Anti-inflammatory properties and other health benefits have long been associated with curcumin and resveratrol. Curcumin, from the ginger family, is in the Indian curry spice turmeric and is prevalent throughout India and Southeast Asia. Resveratrol is produced naturally by plants and is found in the skin of red grapes and in peanuts.
Karmanos researchers investigated whether the addition of non-toxic substances curcumin and resveratrol to chemotherapy (FOLFOX) would decrease the survival of colon cancer cells. Studies confirmed that both are effective and inhibit the growth of new colon cancer cells, with curcumin appearing to be superior.
Adhip Majumdar, Ph.D., D.Sc., Bhaumik B. Patel, M.D., Deep-Shikha Gupta, and Vivek Sengupta from Karmanos and , performed a 48-hour treatment of colon cancer HCT-116 or HT-29 cells with FOLFOX (25 micrometers 5-FU+0.625 micrometers oxaliplatin). When FOLFOX surviving colon cancer cells were treated for another 48-hours with FOLFOX together with curcumin or resveratrol, the combination therapy showed a better response rate.
"Patients with advanced colon cancer often have a cancer recurrence resulting from cancer cells that survive chemotherapy.

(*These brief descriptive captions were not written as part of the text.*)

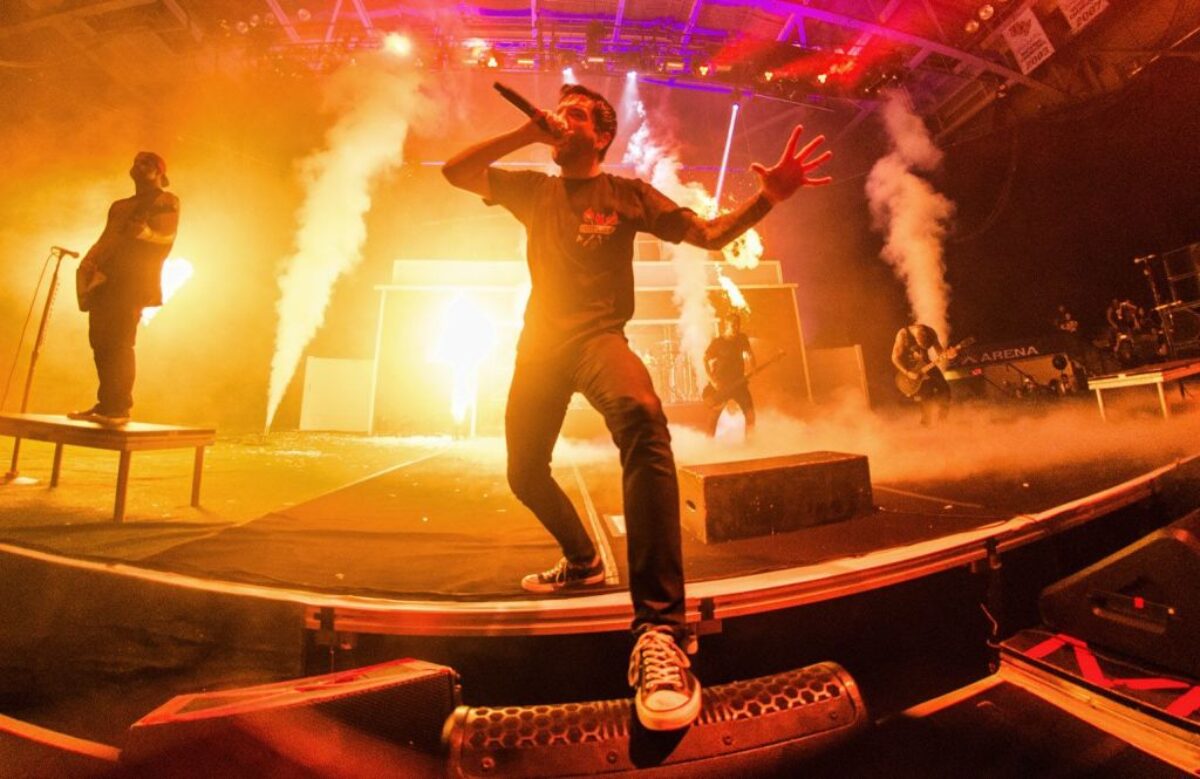 دانلود آهنگ Mr. Highway's Thinking About The End از A Day To Remember با متن و ترجمه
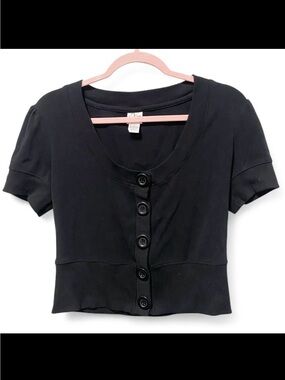 Adorable Vintage Y2K MOD Whimsygoth Goth Scoop Neck Button Front Puff Sleeve Top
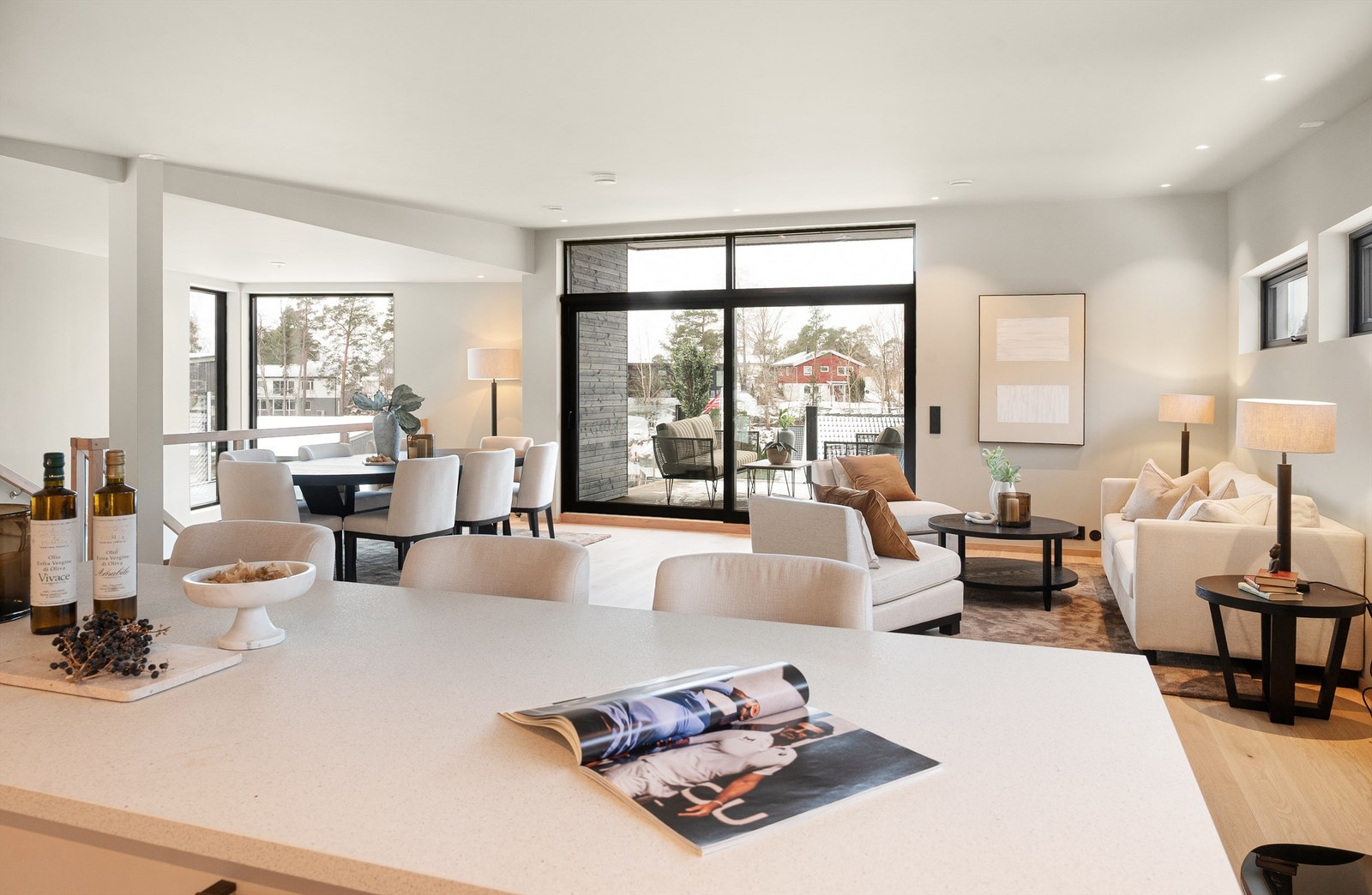 Fra stuen er det direkte utgang til en stor balkong. Galleribilde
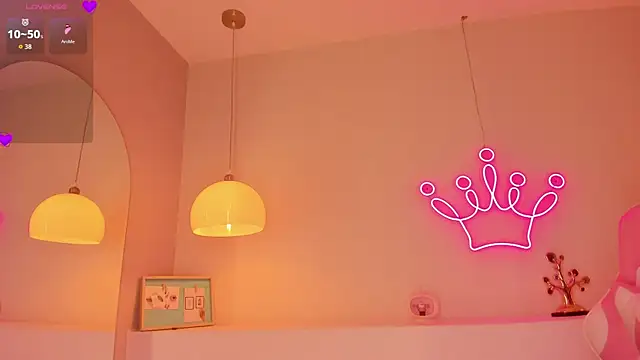 Snapshot of violeth_hill chatting on October 14, 2025, 7:47 pm violeth hill online show from October 14, 2025, 7:47 pm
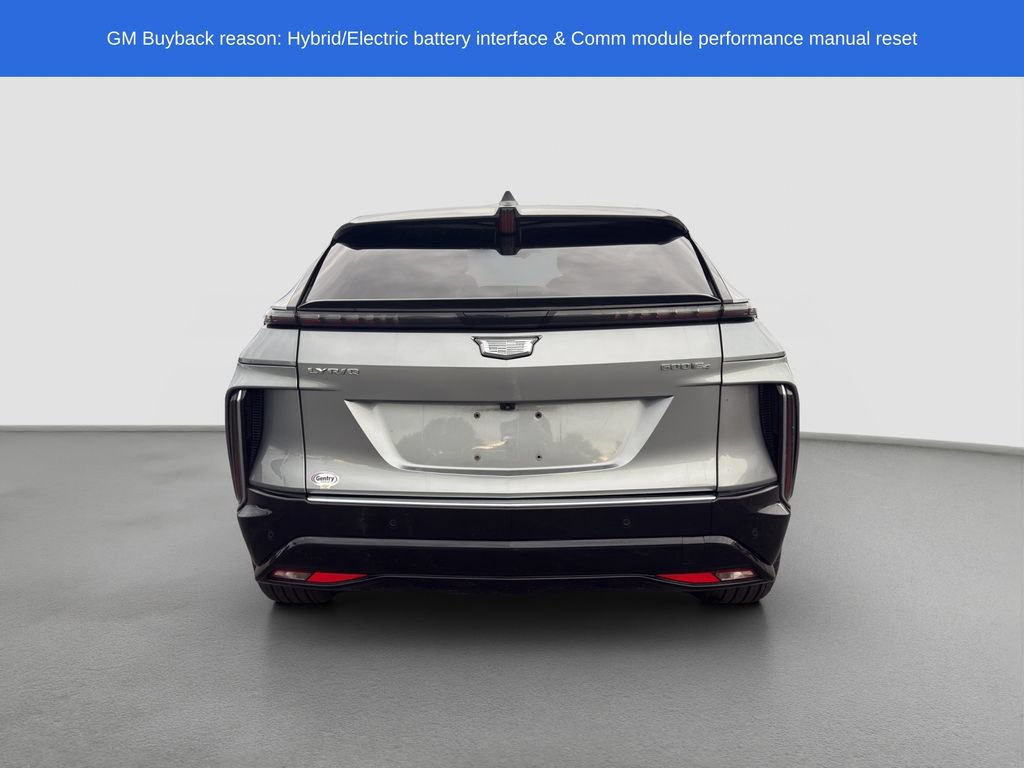 Used 2024 Cadillac Lyriq Luxury AWD/4WD image 5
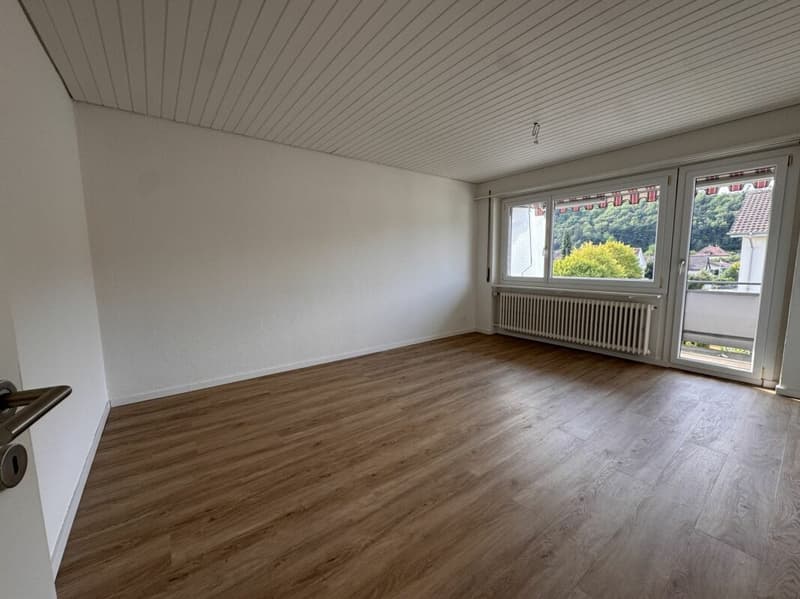 Appartement lumineux 4.0 pièces avec balcon - fraîchement rénové (3)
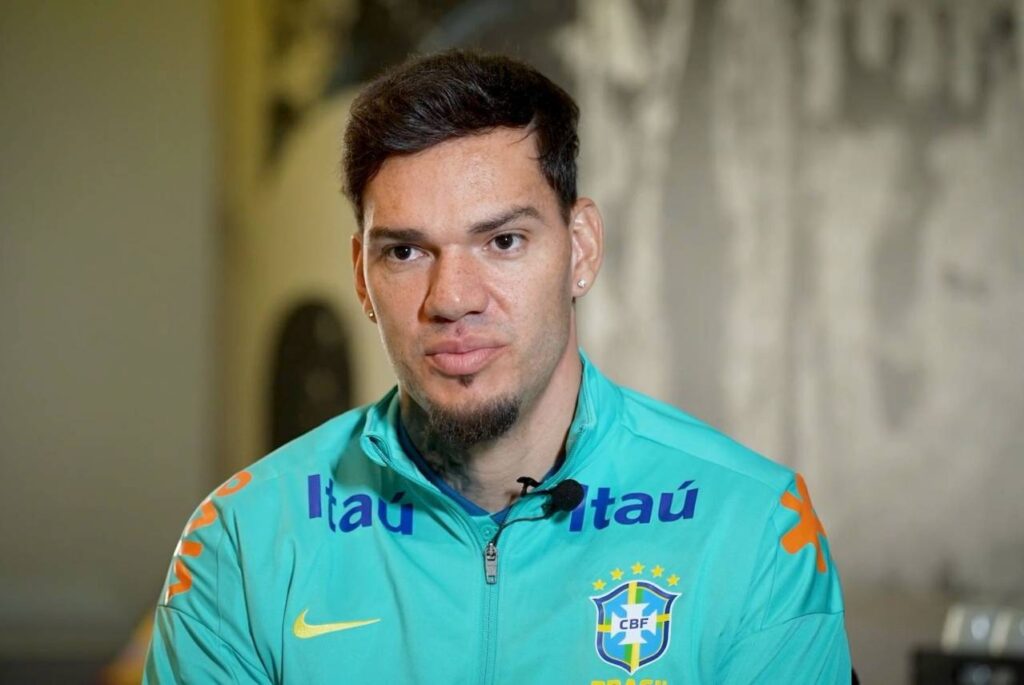 Ederson concedeu entrevista a CBF TV nesta segunda-feira (7). Foto: Divulgação/CBF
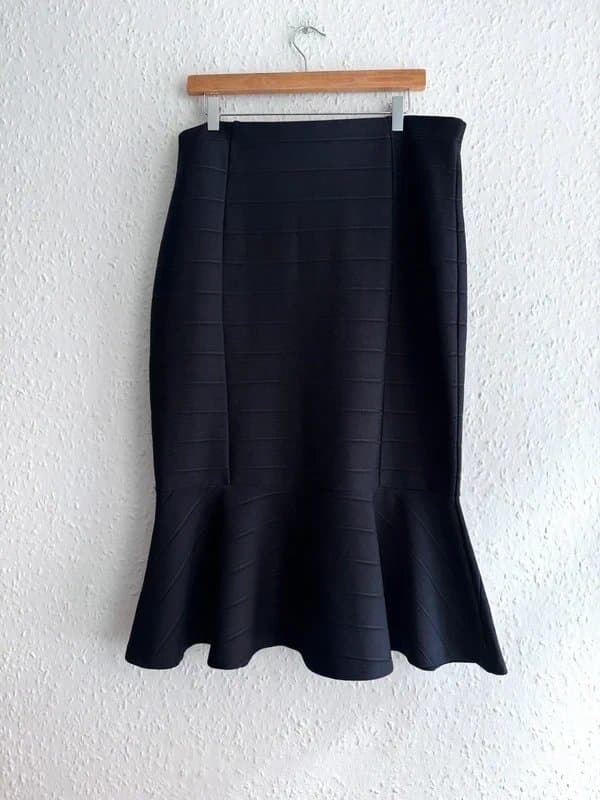 Marks & Spencer M&S Navy Textured Fluted Hem Midi Bodycon Skirt UK 18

This research could eventually lead to a more robust therapy, particularly if we can lower the dose of chemotherapy, and add non-toxic agents," said Dr. Majumdar.
"Some day the addition of curcumin or resveratrol could become a treatment strategy for colon cancer patients and help prolong life. Currently, despite advances in medicine, mortality rates remain unacceptably high for late stage disease. Our work is helping to lay the ground work for future clinical trials," added Dr. Patel.
Located in mid-town Detroit, MI, the Barbara Ann Karmanos Cancer Institute is one of 39 National Cancer Institute-designated comprehensive cancer centers in the United States. Caring for more than 6,000 new patients annually on a budget of $216 million, conducting more than 700 cancer-specific scientific investigation programs and clinical trials, the Karmanos Cancer Institute is among the nation's best cancer centers. Through the commitment of 1,000 staff, including nearly 300 faculty members, and supported by thousands of volunteer and financial donors, the Institute strives to prevent, detect and eradicate all forms of cancer. John C. Ruckdeschel, M.D., is the Institute's president and chief executive officer. For more information call 1-800-KARMANOS or go to http://www.karmanos.org.
The mission of the American Association for Cancer Research is to prevent and cure cancer. Founded in 1907, AACR is the world's oldest and largest professional organization dedicated to advancing cancer research. The AACR Annual Meeting attracts more than 17,000 participants who share the latest discoveries and developments in the field.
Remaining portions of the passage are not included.